On 7th May, the Disrupt Talent team attended the Event Tech World Insider Exchange, joining a room filled with event professionals, tech providers, agencies, corporate end users, buyers, and suppliers, all focused on one thing: the future of event technology and where the industry is heading next.
Hosted as a high-touch, insight-led conference format, the Insider Exchange created space for honest conversations around the opportunities, challenges, and rapid evolution currently shaping the events landscape. Rather than surface-level trend discussions, the day was built around real information sharing, practical experiences, and open dialogue between the people actively using, buying, and delivering event technology every day.
For Disrupt Talent, attending events like this is an important part of staying connected to the industries we support. As a business operating across live events, exhibitions, conferences, and experiential, understanding where the industry is moving, and the skills, technologies, and conversations driving that movement, matters.

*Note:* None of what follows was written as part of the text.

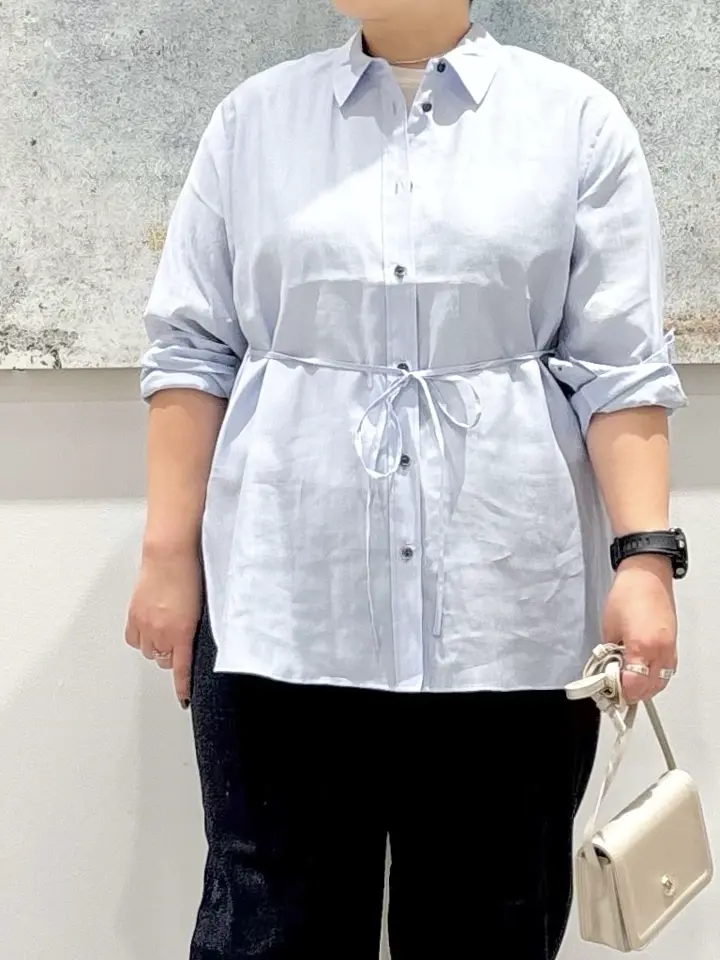 ONWARD CROSSET SELECT 千葉 コーディネート画像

Because event tech is evolving fast.
And while platforms, systems, and tools continue to develop at pace, the real value comes from understanding how businesses are using them in practice. Spaces like the Insider Exchange allow the industry to collectively share insights, challenge thinking, and push innovation forward together.
Throughout the day, several key themes consistently emerged.

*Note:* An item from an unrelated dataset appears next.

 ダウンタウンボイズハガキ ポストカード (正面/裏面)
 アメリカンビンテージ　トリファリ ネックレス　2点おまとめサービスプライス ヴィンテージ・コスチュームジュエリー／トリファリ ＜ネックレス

Event Tech Is Moving Beyond Event Delivery
One of the strongest conversations centred around the shift from event delivery alone towards event technology becoming a wider commercial and marketing tool.
The industry is increasingly moving away from simply measuring attendance or engagement in isolation and instead focusing on how events contribute to wider business objectives, marketing pipelines, lead generation, audience intelligence, and long-term revenue impact.
The conversation is no longer just:
“How many people attended?”
It is now:
“What commercial value did those attendees create?”
Sessions exploring topics such as From Event Delivery to Marketing Pipeline and From Footfall to Revenue: Turning Attendee Behaviour Data into ROI highlighted how organisers are becoming far more sophisticated in the way they track attendee behaviours, interactions, dwell time, meetings, and engagement touchpoints across the entire event journey.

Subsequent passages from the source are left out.